Image-Super-Resolution-via-Iterative-Refinement Why is the loss of Diffusion model calculated between “RANDOM noise” and “model predicted noise”?

trafficstars

Thanks for your a lot contribution and hard work. Why is the loss of Diffusion model calculated between “RANDOM noise” and “model predicted noise”? Not between “Actual added noise” and “model predicted noise”?

May 29 '23 02:05 egshkim

@egshkim I'm working with this repo too so i'll give my 2 cents. the denoise_fn which is the u-net is not actually reconstructing an image from noise - rather it is predicting the amount of noise added at each timestep. so x_recon is a misnomer - it really should be noise_pred.

In the inference step p_sample_loop iteratively infers the amount of noise at each timestep and removes it from the previous noisy image. The code is a bit hard to follow but I think the actual subtraction happens in predict_start_from_noise: https://github.com/Janspiry/Image-Super-Resolution-via-Iterative-Refinement/blob/01d27a7cbfa8502be1d8dbd4ee02fcbd5e44389d/model/ddpm_modules/diffusion.py#L158

That function is getting called by p_mean_variance https://github.com/Janspiry/Image-Super-Resolution-via-Iterative-Refinement/blob/01d27a7cbfa8502be1d8dbd4ee02fcbd5e44389d/model/ddpm_modules/diffusion.py#L179 - in this case x_recon is actually correctly named.

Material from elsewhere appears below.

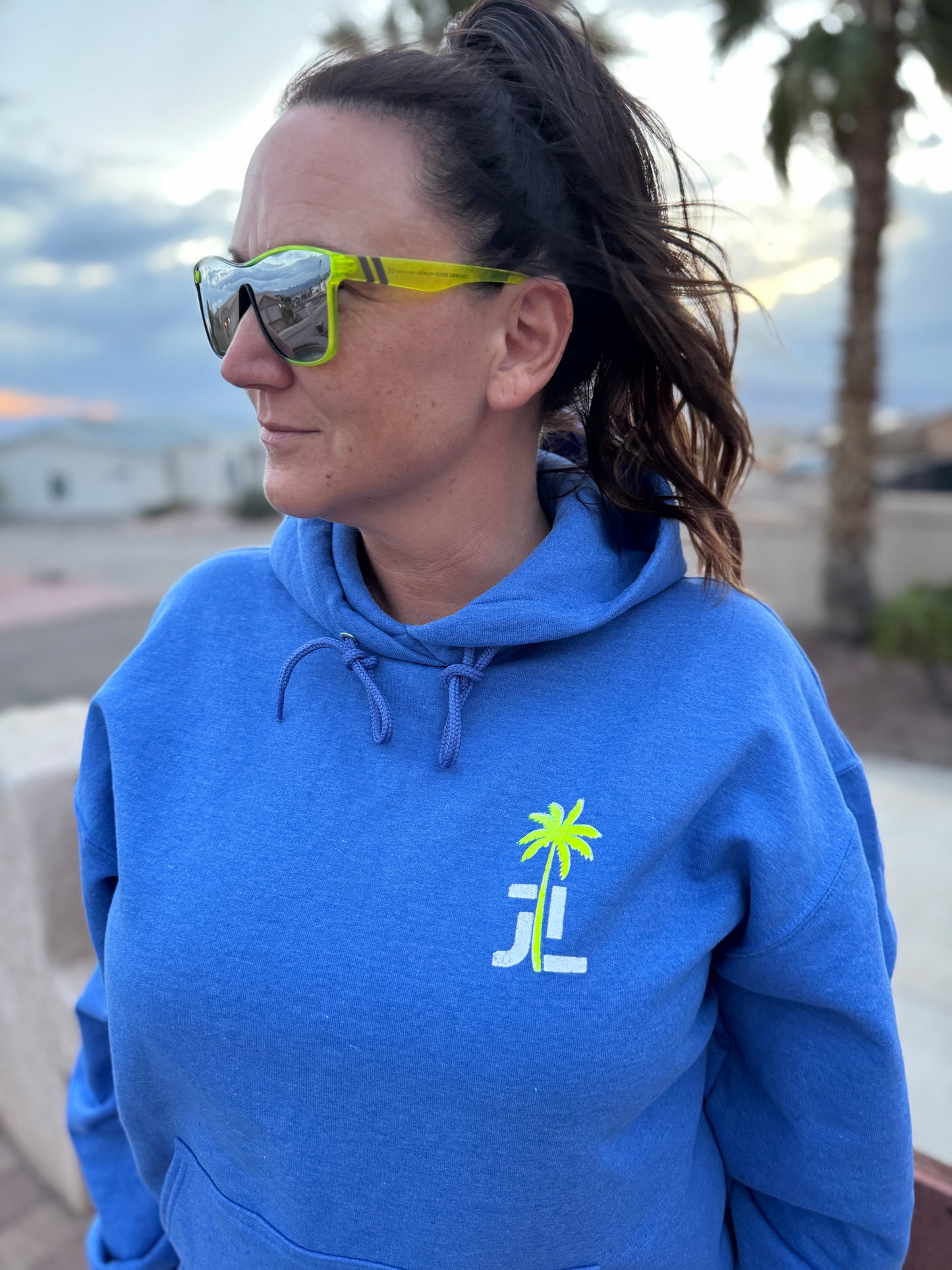 Ryde This Vibe Unisex Hoodie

x_recon = self.predict_start_from_noise(
                x, t=t, noise=self.denoise_fn(x, noise_level))

the u-net (denoise_fn) predicts the noise at whichever timestep and then predict_start_from_noise removes that noise from x to give you x_recon

May 29 '23 14:05 Krasner

@egshkim I'm working with this repo too so i'll give my 2 cents. the denoise_fn which is the u-net is not actually reconstructing an image from noise - rather it is predicting the amount of noise added at each timestep. so x_recon is a misnomer - it really should be noise_pred.

Thanks for your kind and detailed explanation. : ) But actually, my question is about "why random noise is used for loss calculation", rather than where the denoising process actually happened.

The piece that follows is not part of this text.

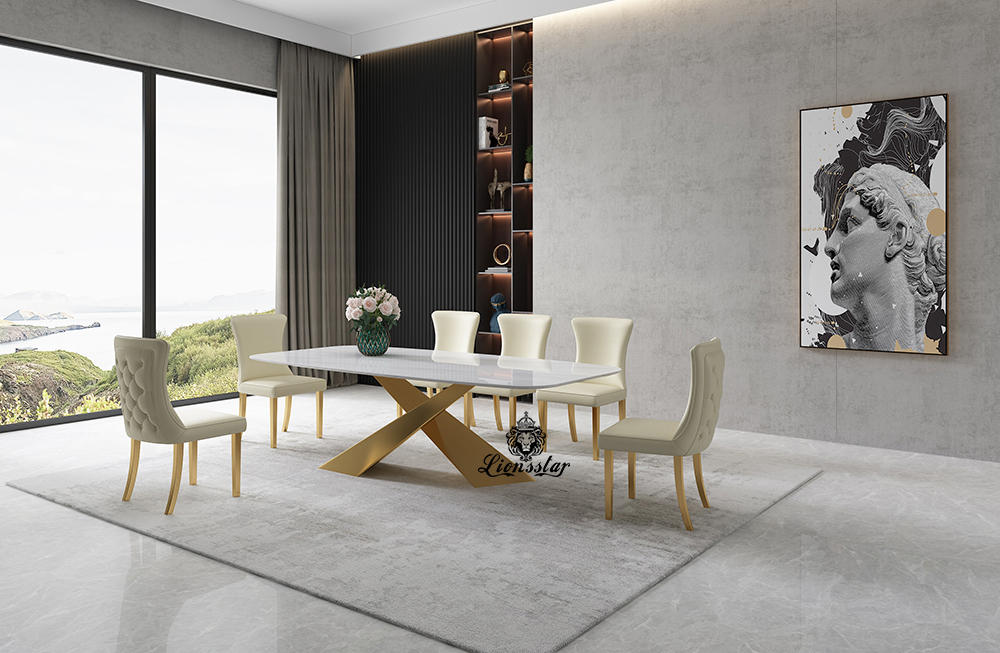 Luxus Designer Esstisch Heaven Luxus Designer Esstisch Heaven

In my opinion, the actually added noise between step "t-1" and step "t" should be used for loss calculation. But almost all currently available diffusion training code uses random noise for loss calculation.

May 30 '23 00:05 egshkim

Yes - that comes from the original definition of diffusion processes in the first paper: https://arxiv.org/pdf/2006.11239.pdf (specifically equation 14):

The real loss function (Equations 3 and 5) do relate x_t-1 to x_t via a variational lower bound, but this loss in intractable, the authors go through a derivation / simplification of this loss function which then results in this "simple" L2 loss form (eq 14)

The SR3 paper (https://arxiv.org/pdf/2104.07636.pdf) they also experiment with different loss norms (L1 vs L2) and find that L1 loss gives better results...

I'm no mathematician so the derivation is a bit hard to follow, I also welcome further explanations :)

May 30 '23 01:05 Krasner

@egshkim I'm working with this repo too so i'll give my 2 cents. the denoise_fn which is the u-net is not actually reconstructing an image from noise - rather it is predicting the amount of noise added at each timestep. so x_recon is a misnomer - it really should be noise_pred.

Thanks for your kind and detailed explanation. : ) But actually, my question is about "why random noise is used for loss calculation", rather than where the denoising process actually happened.

In my opinion, the actually added noise between step "t-1" and step "t" should be used for loss calculation. But almost all currently available diffusion training code uses random noise for loss calculation.

As far as i know,the function 'default' means that return the actually noise if actually noise is exist,only return the random noise when actually noise is not exist.i hope my answear can help you.

May 30 '23 03:05 whiteYi

Image-Super-Resolution-via-Iterative-Refinement Image-Super-Resolution-via-Iterative-Refinement copied to clipboard

Why is the loss of Diffusion model calculated between “RANDOM noise” and “model predicted noise”?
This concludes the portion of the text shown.